++++ Given information ++++

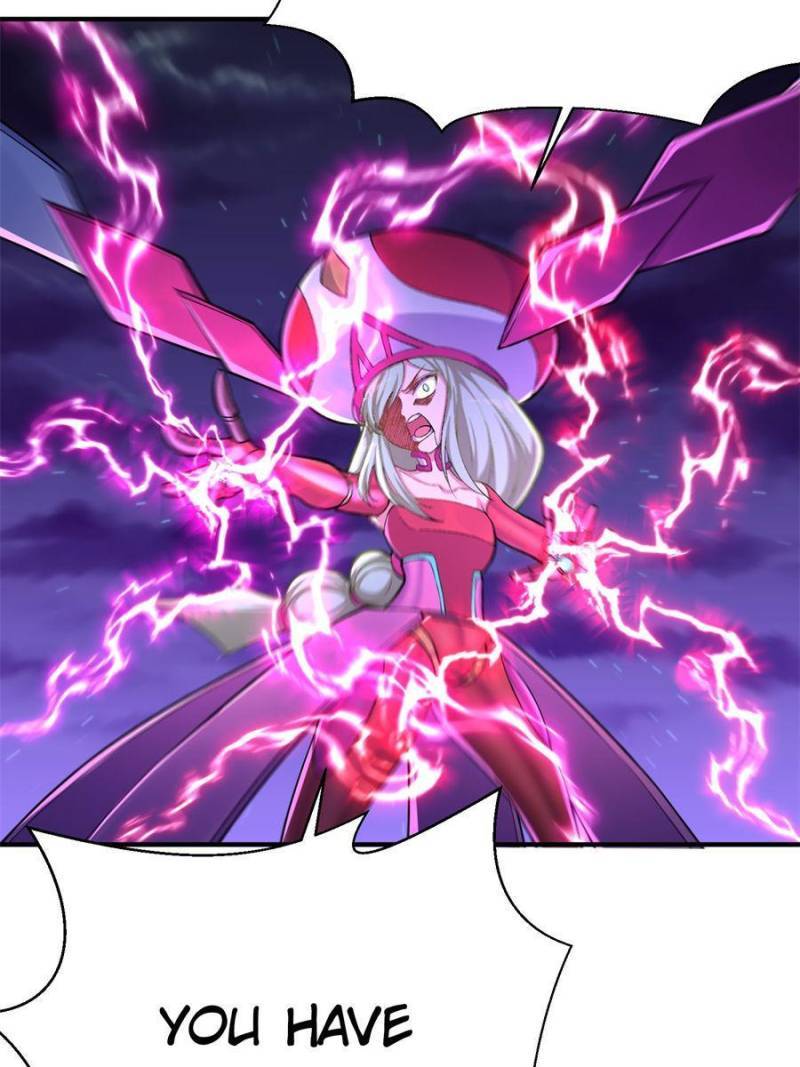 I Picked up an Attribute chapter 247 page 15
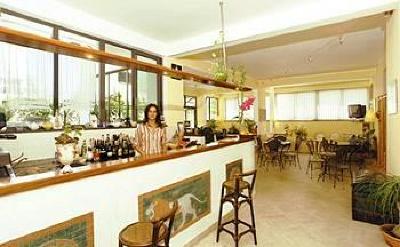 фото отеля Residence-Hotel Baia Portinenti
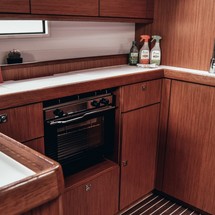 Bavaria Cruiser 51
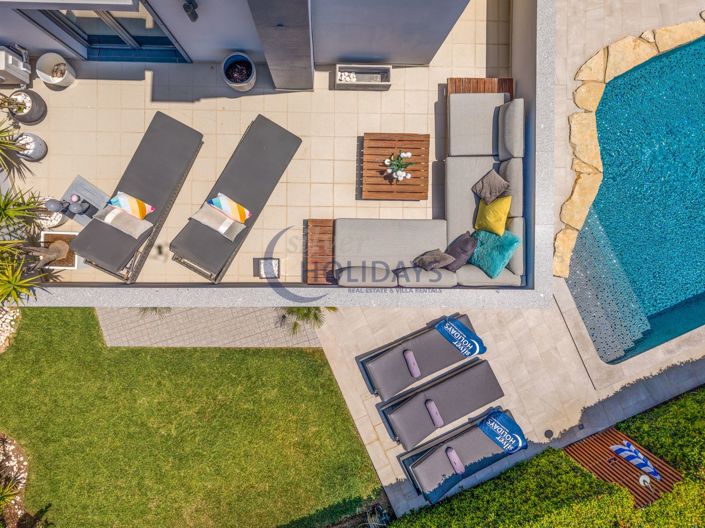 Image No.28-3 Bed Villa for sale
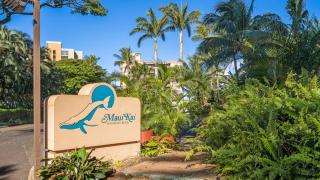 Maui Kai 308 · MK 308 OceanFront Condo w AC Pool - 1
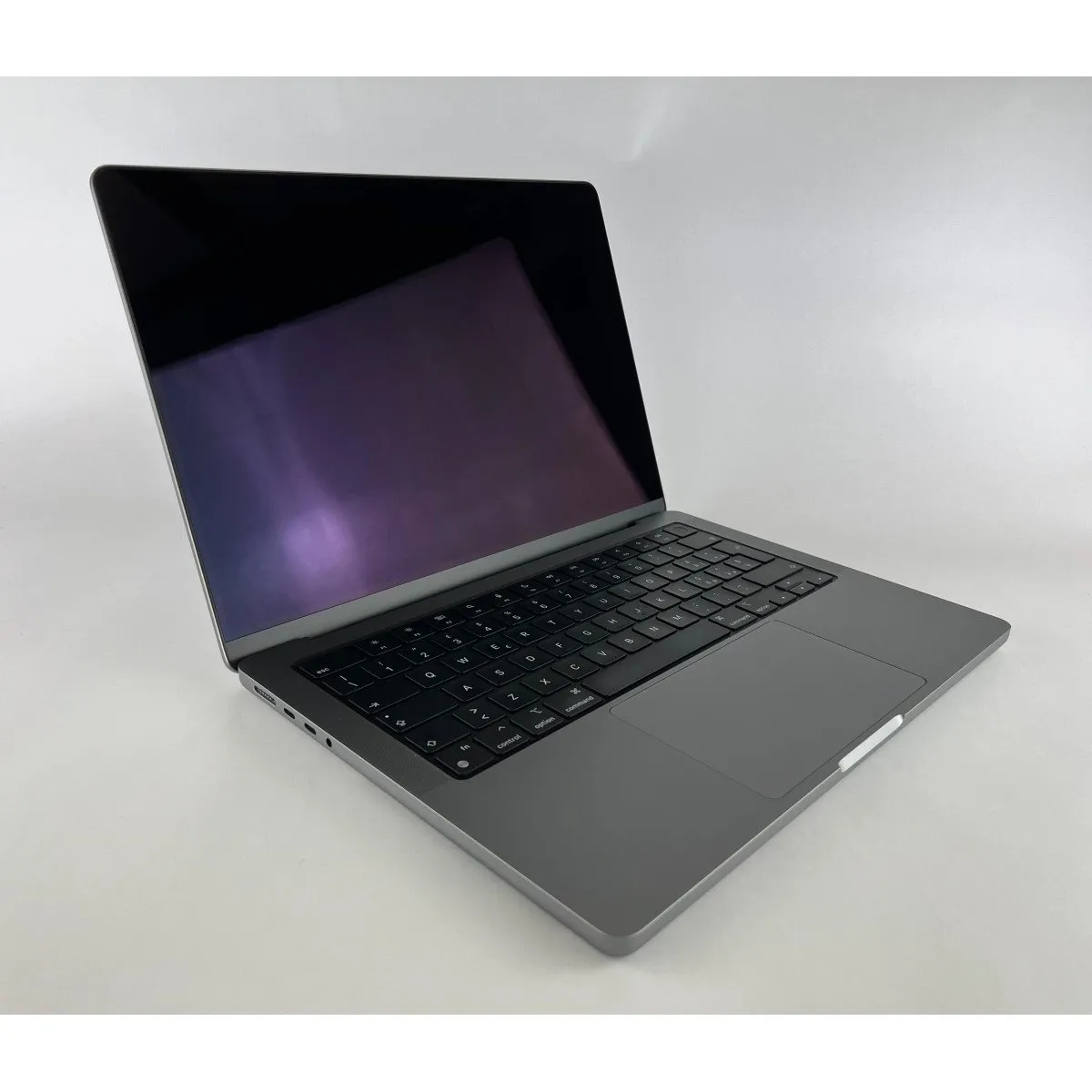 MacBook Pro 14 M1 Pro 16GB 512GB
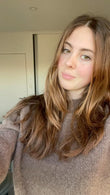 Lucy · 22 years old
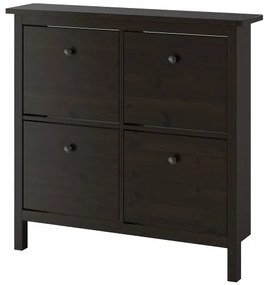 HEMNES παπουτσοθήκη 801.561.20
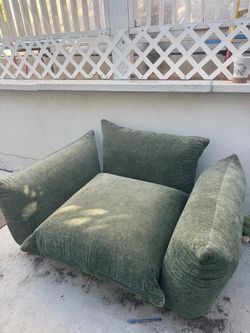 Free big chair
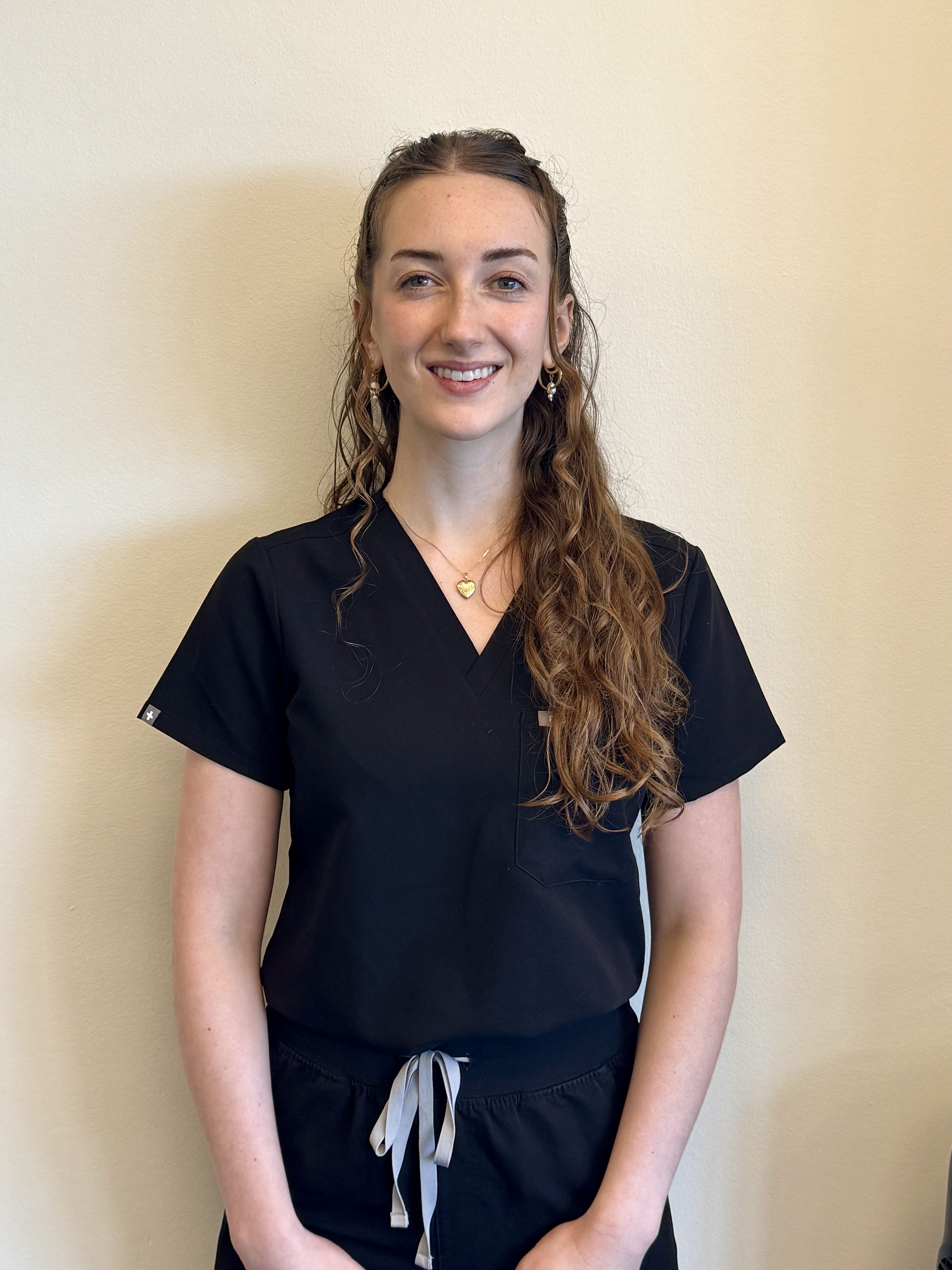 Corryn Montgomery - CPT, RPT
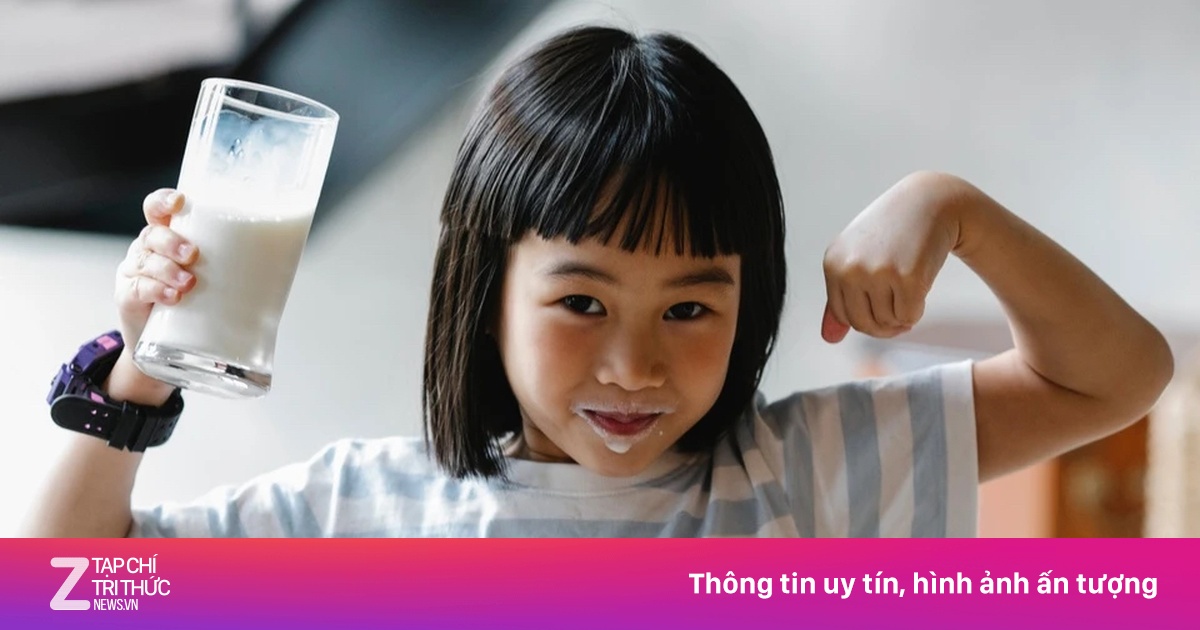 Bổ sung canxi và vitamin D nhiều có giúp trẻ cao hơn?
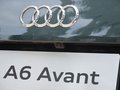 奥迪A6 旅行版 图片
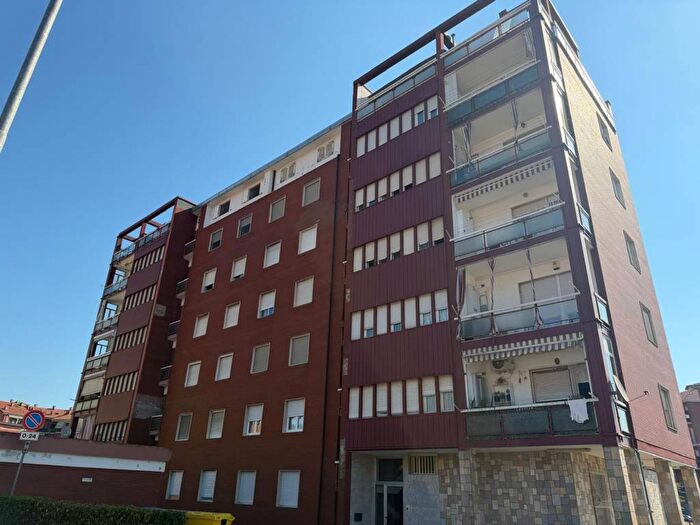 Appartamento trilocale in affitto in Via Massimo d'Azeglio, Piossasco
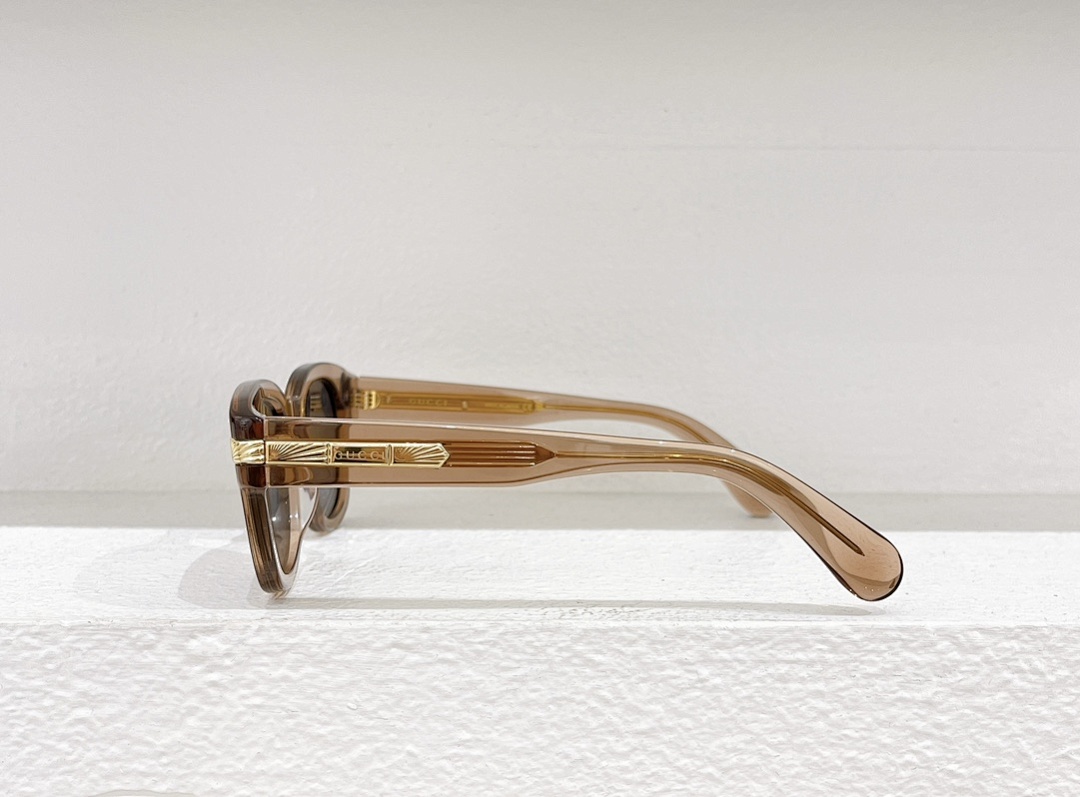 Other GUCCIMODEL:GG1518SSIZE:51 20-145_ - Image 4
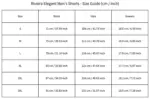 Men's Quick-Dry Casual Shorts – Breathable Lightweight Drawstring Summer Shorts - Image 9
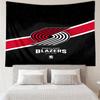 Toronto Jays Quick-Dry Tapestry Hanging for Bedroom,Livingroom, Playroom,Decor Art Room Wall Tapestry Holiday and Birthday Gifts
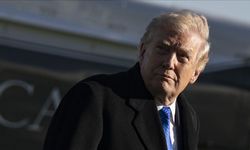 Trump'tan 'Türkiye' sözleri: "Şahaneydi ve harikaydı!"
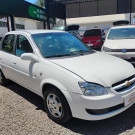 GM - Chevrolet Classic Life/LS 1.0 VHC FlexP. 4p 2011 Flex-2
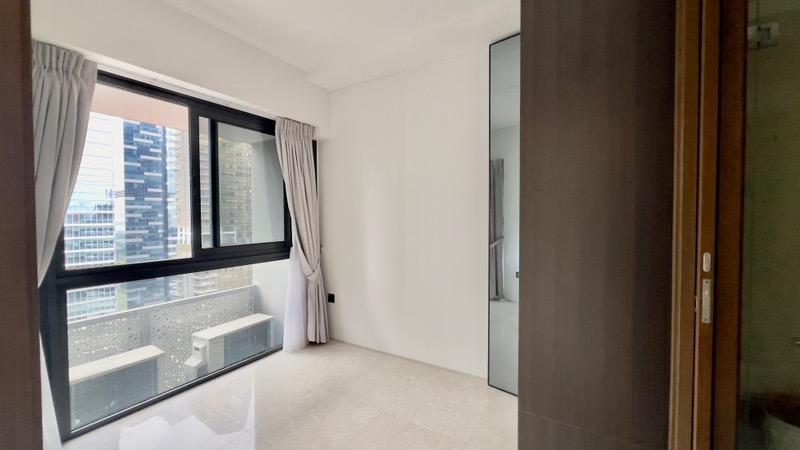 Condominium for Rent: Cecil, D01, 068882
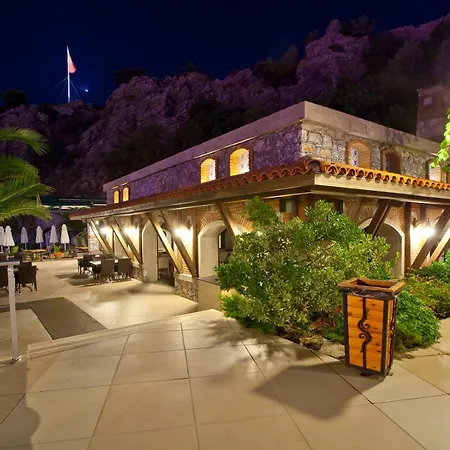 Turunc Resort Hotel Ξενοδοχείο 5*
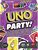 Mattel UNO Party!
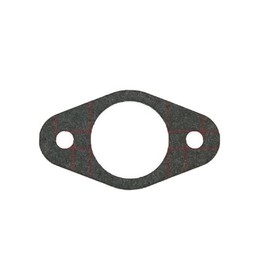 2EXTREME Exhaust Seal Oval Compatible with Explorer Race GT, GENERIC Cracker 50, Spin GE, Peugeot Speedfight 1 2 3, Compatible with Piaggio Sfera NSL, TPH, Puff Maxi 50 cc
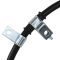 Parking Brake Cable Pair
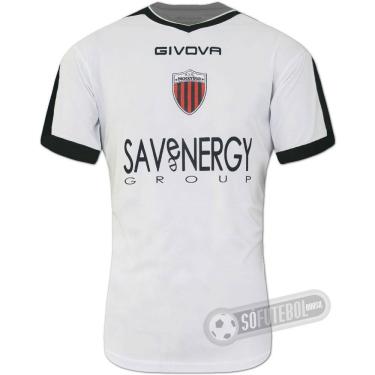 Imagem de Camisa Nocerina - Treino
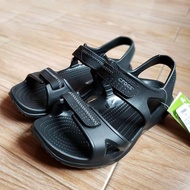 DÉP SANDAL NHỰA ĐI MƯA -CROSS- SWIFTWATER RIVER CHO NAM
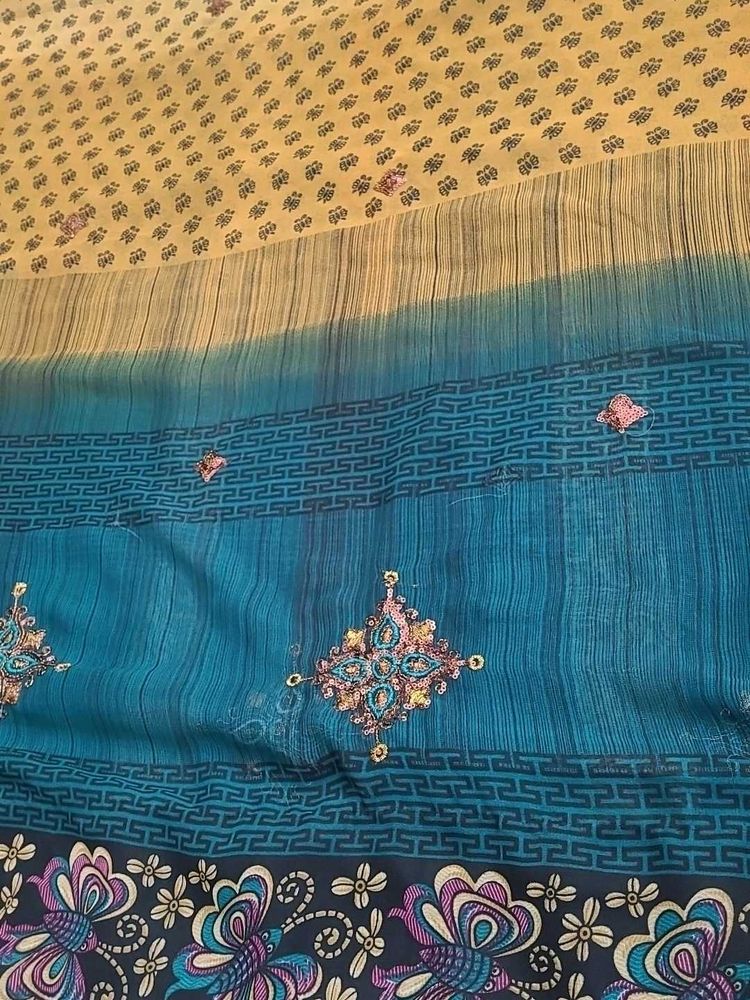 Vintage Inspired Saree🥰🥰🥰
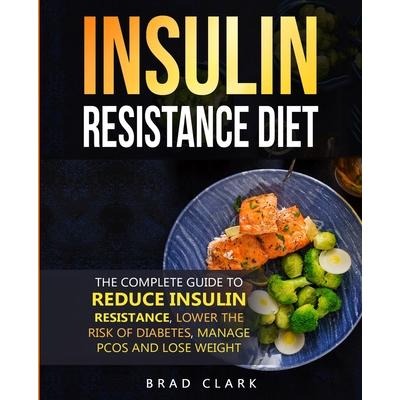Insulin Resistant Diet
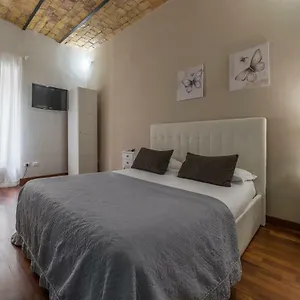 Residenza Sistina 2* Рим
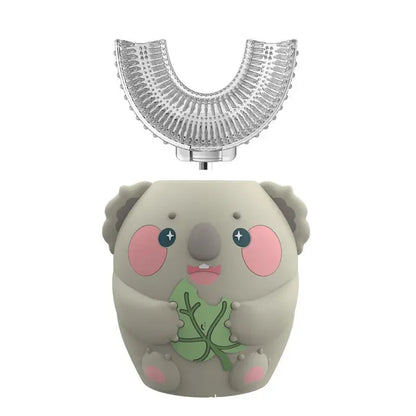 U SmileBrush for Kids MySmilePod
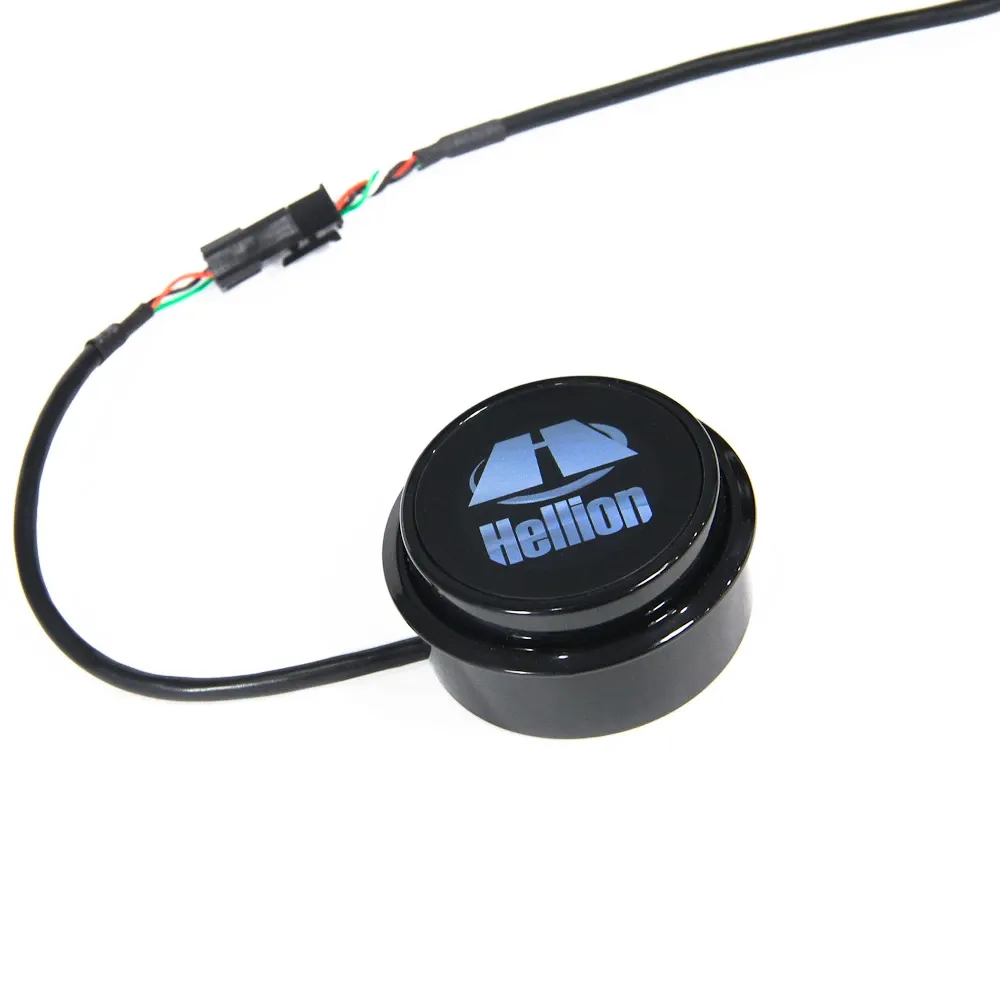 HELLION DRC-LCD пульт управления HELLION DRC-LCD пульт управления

++++

What you should do: Reproduce exactly, and only, the lines that begin at the one containing "DÉP SANDAL NHỰA" and end with the final line of the data, both included, while omitting every picture.

Solution for this exercise:
 DÉP SANDAL NHỰA ĐI MƯA -CROSS- SWIFTWATER RIVER CHO NAM
 Vintage Inspired Saree🥰🥰🥰
Insulin Resistant Diet
 Residenza Sistina 2* Рим
 U SmileBrush for Kids MySmilePod
 HELLION DRC-LCD пульт управления HELLION DRC-LCD пульт управления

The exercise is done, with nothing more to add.